**YOUR TASK**: Write the entries out again exactly as they stand, but without the pictures.

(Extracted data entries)
-*-

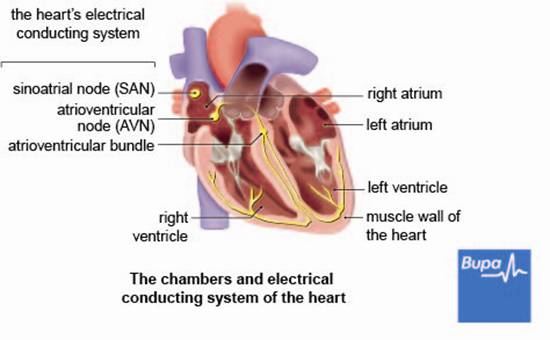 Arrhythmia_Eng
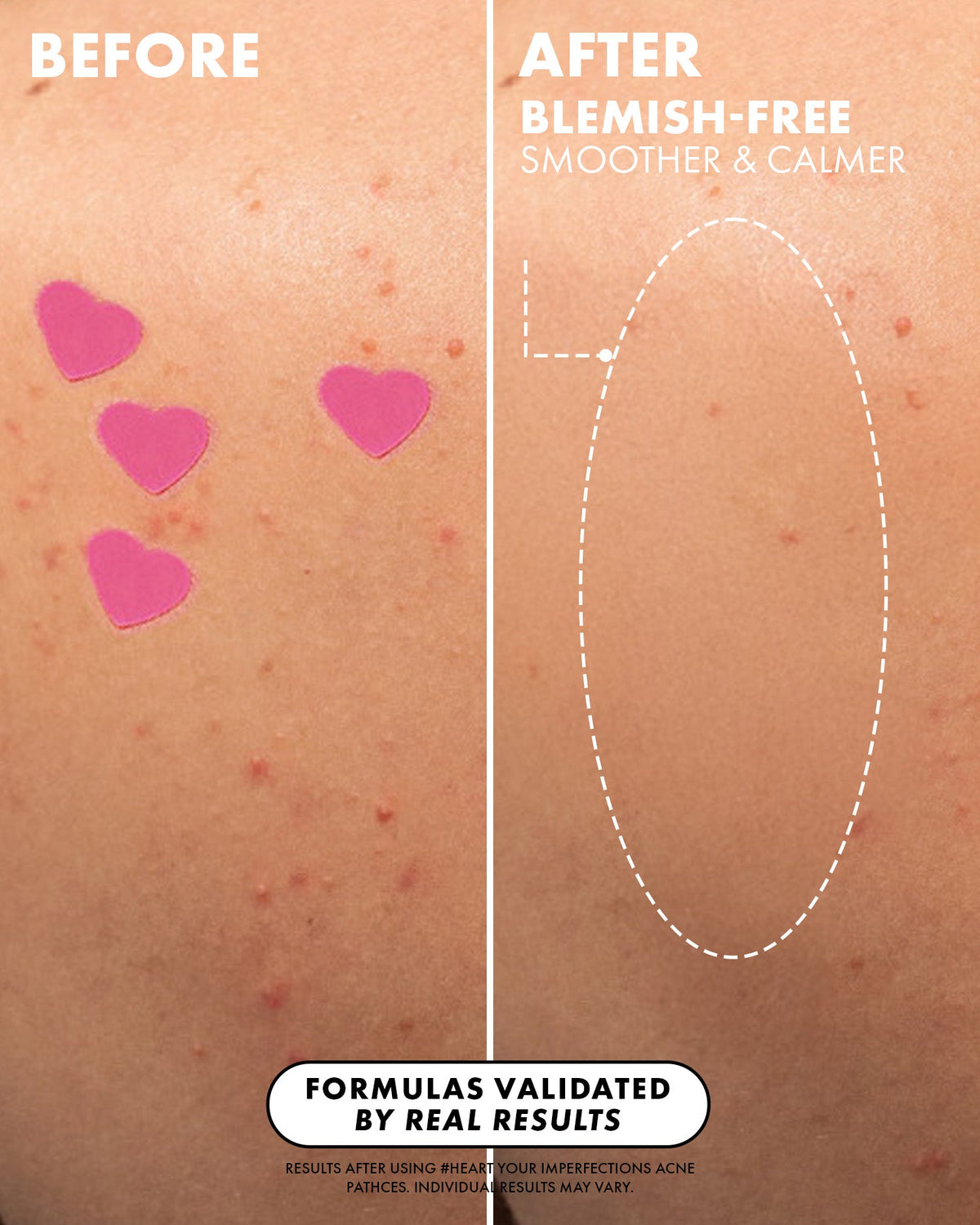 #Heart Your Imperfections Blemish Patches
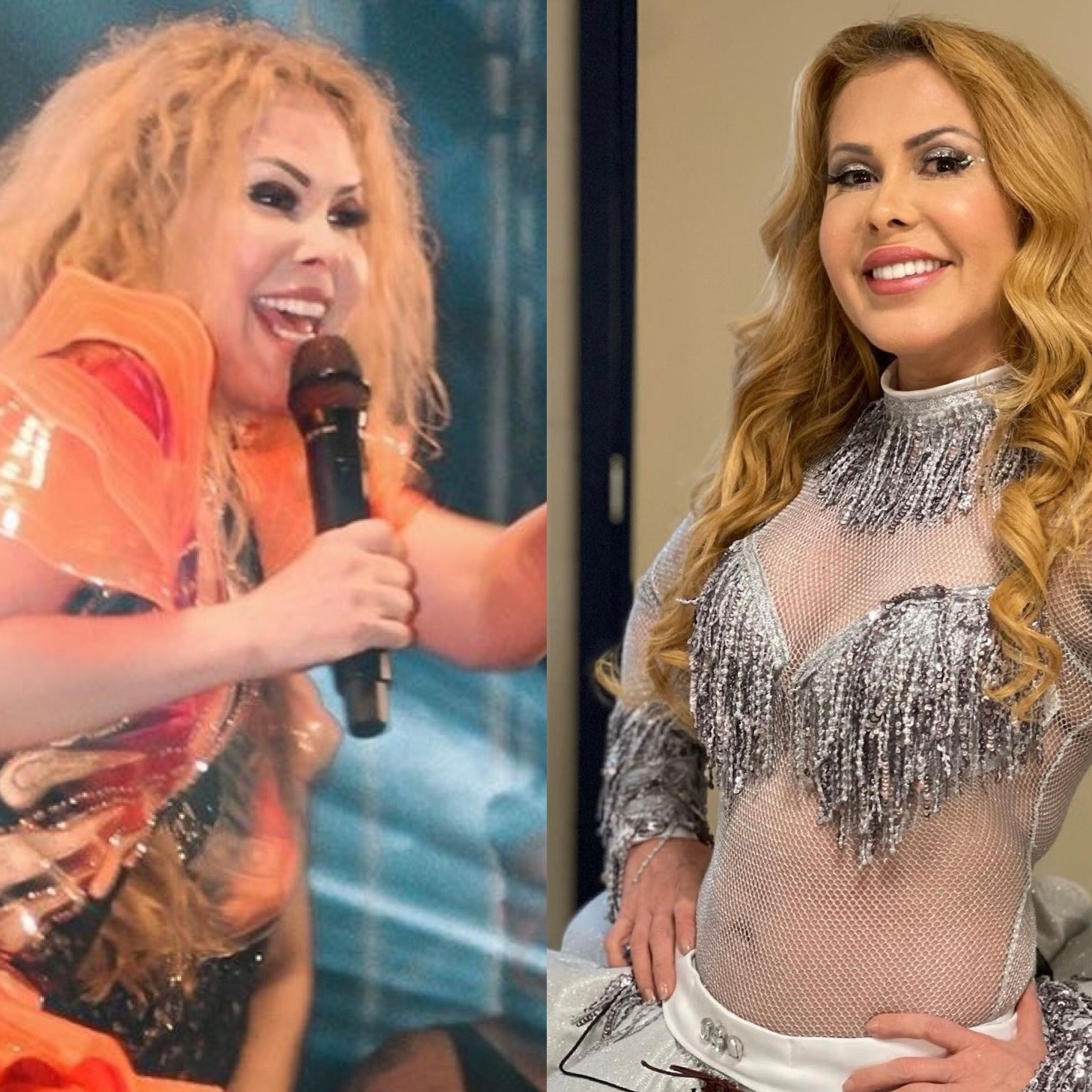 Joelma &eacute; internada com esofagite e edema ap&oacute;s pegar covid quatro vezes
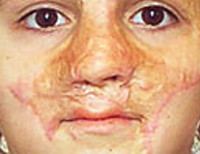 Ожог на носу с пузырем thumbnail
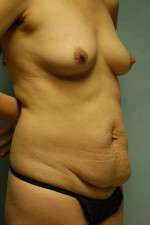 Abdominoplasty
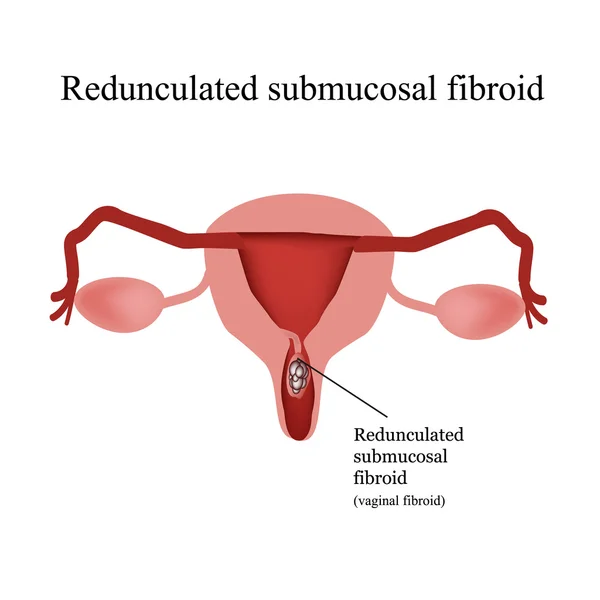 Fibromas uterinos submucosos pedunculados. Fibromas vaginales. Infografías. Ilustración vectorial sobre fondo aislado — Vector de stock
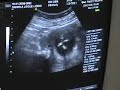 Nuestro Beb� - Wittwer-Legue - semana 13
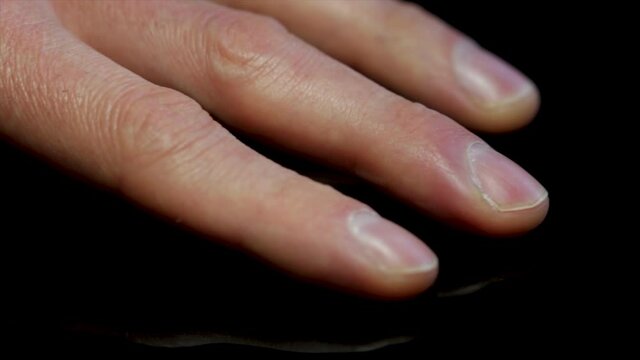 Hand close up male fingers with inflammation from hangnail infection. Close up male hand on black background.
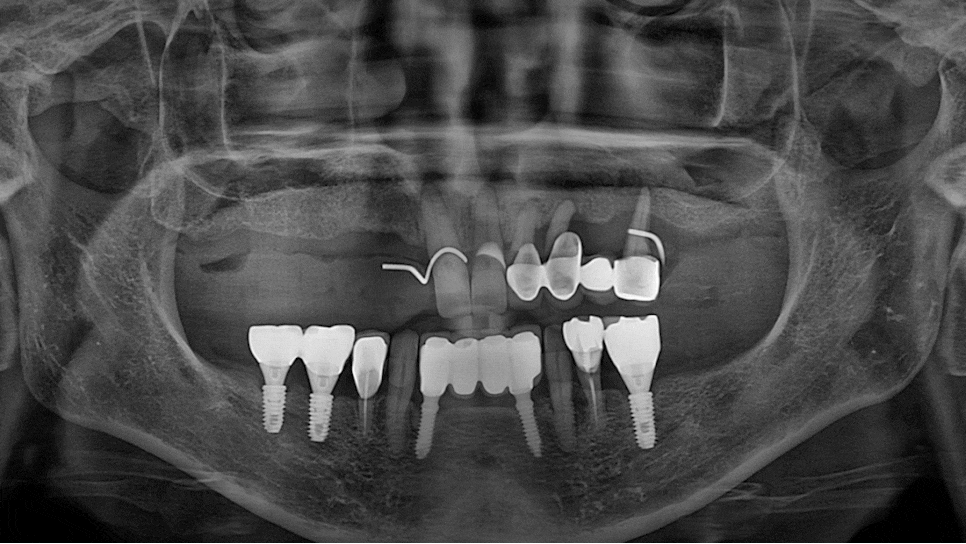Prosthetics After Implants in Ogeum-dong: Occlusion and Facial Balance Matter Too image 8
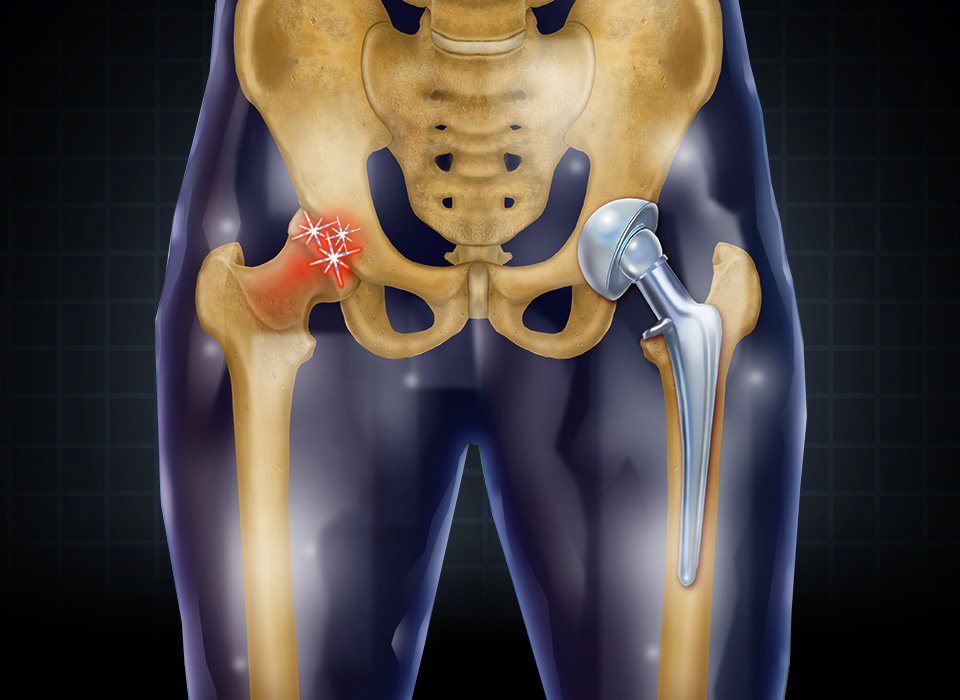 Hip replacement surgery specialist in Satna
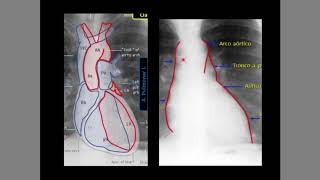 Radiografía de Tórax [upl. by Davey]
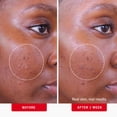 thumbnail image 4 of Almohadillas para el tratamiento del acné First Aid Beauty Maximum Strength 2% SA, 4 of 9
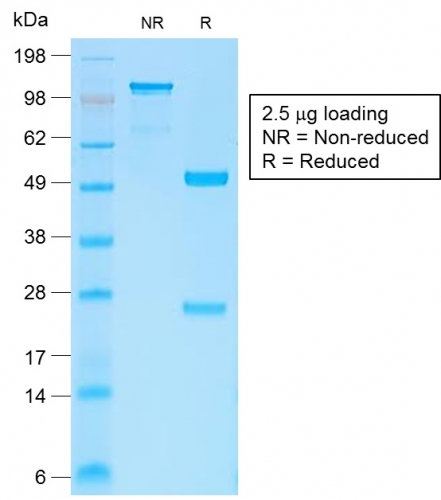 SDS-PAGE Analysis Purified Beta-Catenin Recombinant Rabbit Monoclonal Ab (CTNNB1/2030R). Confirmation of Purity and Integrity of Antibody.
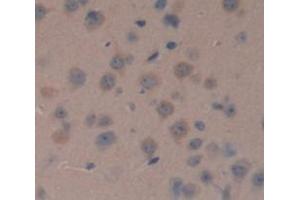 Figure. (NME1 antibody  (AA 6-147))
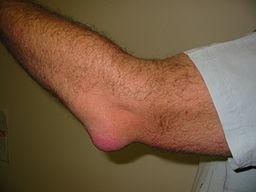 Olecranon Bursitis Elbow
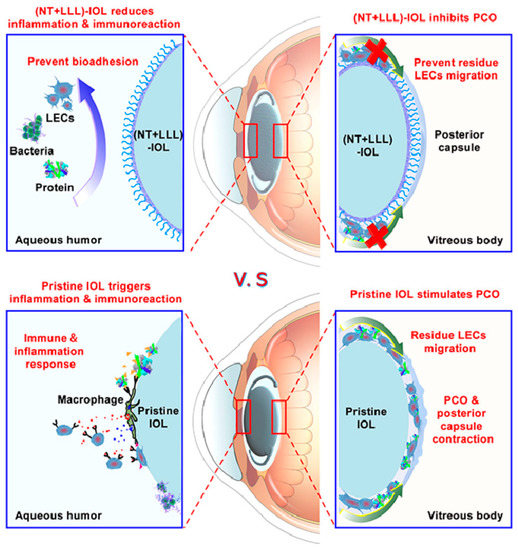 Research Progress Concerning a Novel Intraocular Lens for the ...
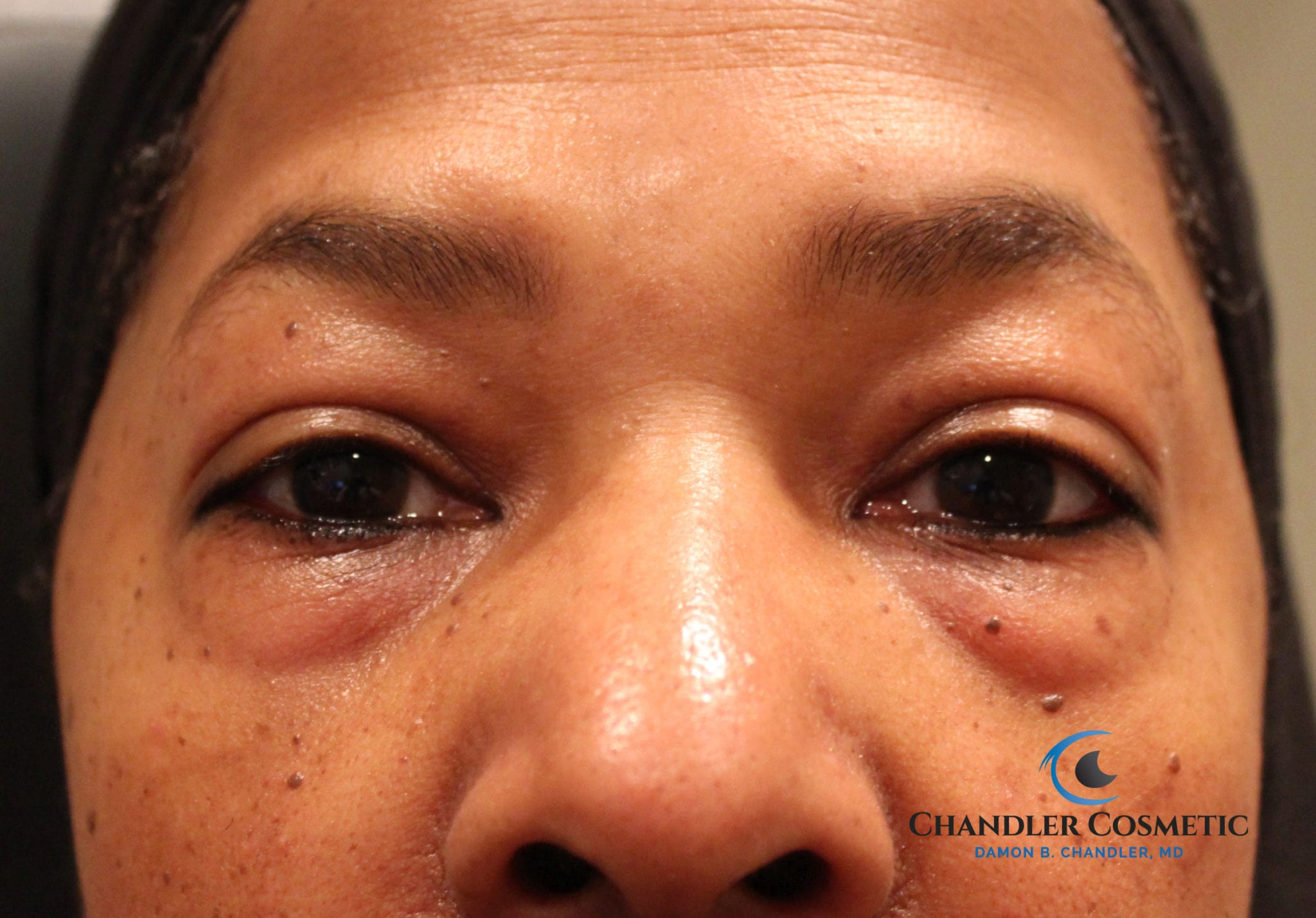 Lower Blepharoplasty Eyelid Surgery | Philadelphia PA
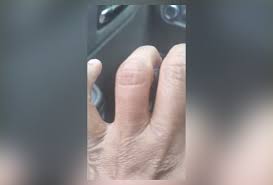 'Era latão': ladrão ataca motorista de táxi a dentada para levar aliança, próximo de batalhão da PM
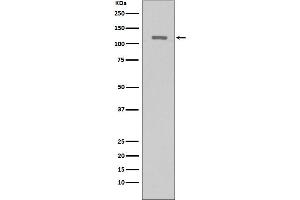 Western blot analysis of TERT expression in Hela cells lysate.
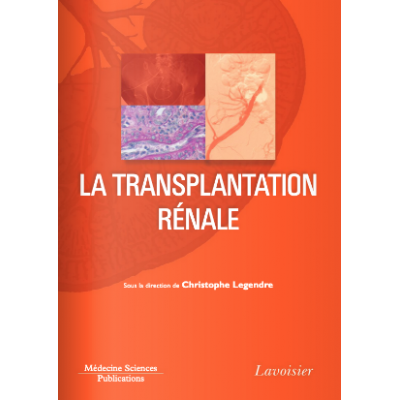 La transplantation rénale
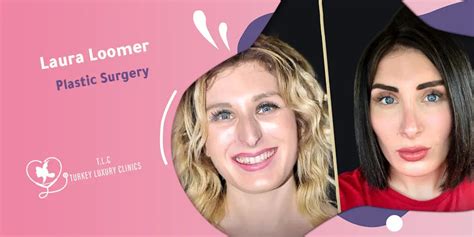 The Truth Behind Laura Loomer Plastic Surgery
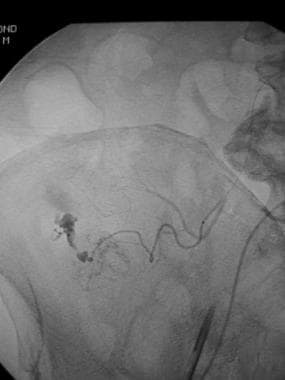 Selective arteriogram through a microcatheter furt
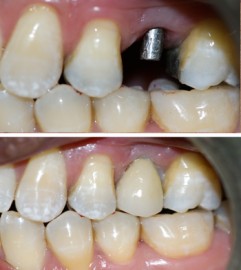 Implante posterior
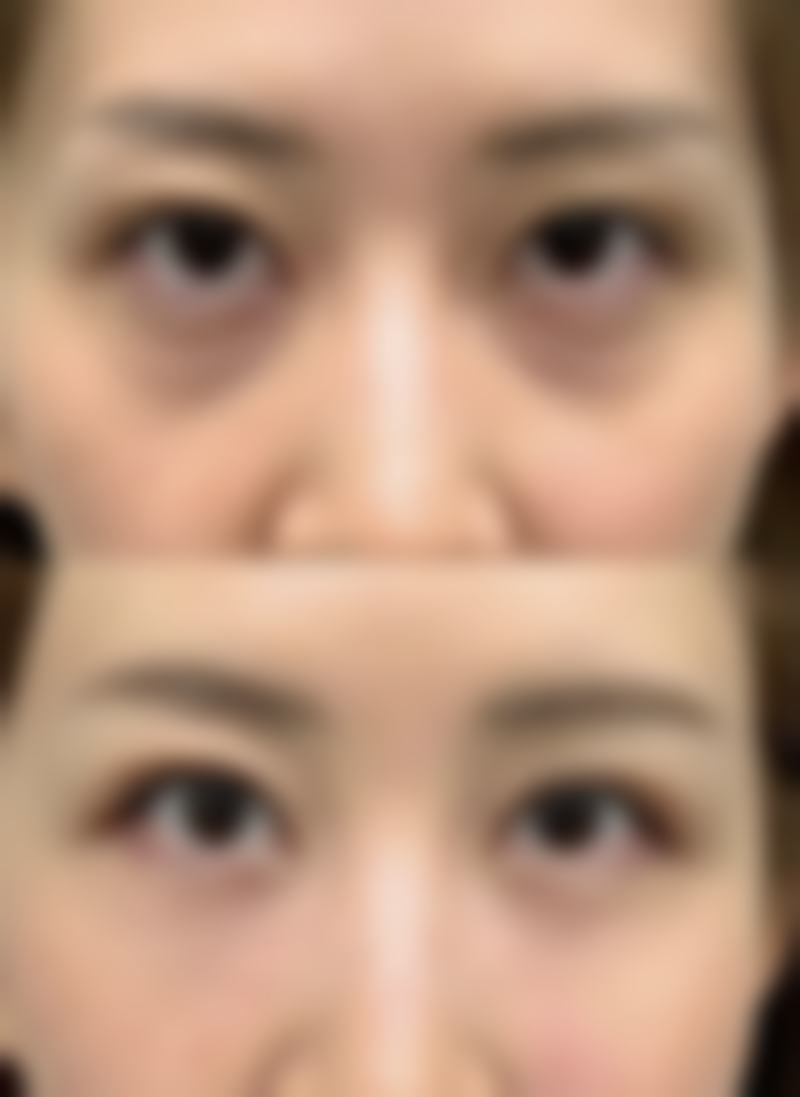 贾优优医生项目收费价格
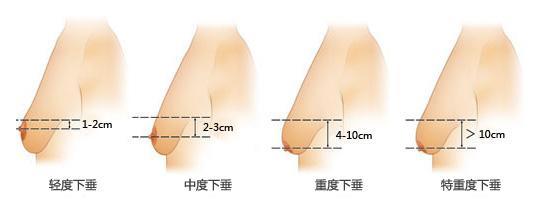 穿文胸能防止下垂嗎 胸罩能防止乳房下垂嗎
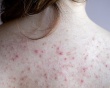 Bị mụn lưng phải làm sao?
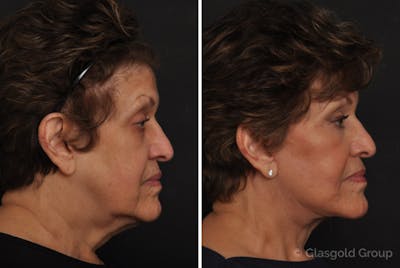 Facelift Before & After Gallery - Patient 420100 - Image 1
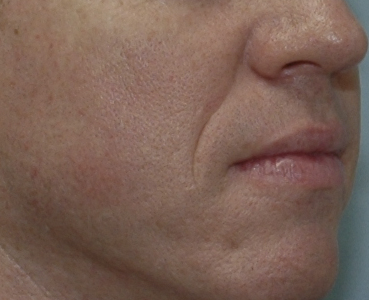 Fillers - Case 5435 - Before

-*-

**OUTPUT OF THE TASK**:
 Arrhythmia_Eng
 #Heart Your Imperfections Blemish Patches
 Joelma &eacute; internada com esofagite e edema ap&oacute;s pegar covid quatro vezes
 Ожог на носу с пузырем thumbnail
 Abdominoplasty
 Fibromas uterinos submucosos pedunculados. Fibromas vaginales. Infografías. Ilustración vectorial sobre fondo aislado — Vector de stock
 Nuestro Beb� - Wittwer-Legue - semana 13
 Hand close up male fingers with inflammation from hangnail infection. Close up male hand on black background.
Prosthetics After Implants in Ogeum-dong: Occlusion and Facial Balance Matter Too image 8
 Hip replacement surgery specialist in Satna
 Radiografía de Tórax [upl. by Davey]
 thumbnail image 4 of Almohadillas para el tratamiento del acné First Aid Beauty Maximum Strength 2% SA, 4 of 9
 SDS-PAGE Analysis Purified Beta-Catenin Recombinant Rabbit Monoclonal Ab (CTNNB1/2030R). Confirmation of Purity and Integrity of Antibody.
 Figure. (NME1 antibody  (AA 6-147))
 Olecranon Bursitis Elbow
 Research Progress Concerning a Novel Intraocular Lens for the ...
 Lower Blepharoplasty Eyelid Surgery | Philadelphia PA
 'Era latão': ladrão ataca motorista de táxi a dentada para levar aliança, próximo de batalhão da PM
 Western blot analysis of TERT expression in Hela cells lysate.
 La transplantation rénale
 The Truth Behind Laura Loomer Plastic Surgery
 Selective arteriogram through a microcatheter furt
 Implante posterior
 贾优优医生项目收费价格
 穿文胸能防止下垂嗎 胸罩能防止乳房下垂嗎
 Bị mụn lưng phải làm sao?
 Facelift Before & After Gallery - Patient 420100 - Image 1
 Fillers - Case 5435 - Before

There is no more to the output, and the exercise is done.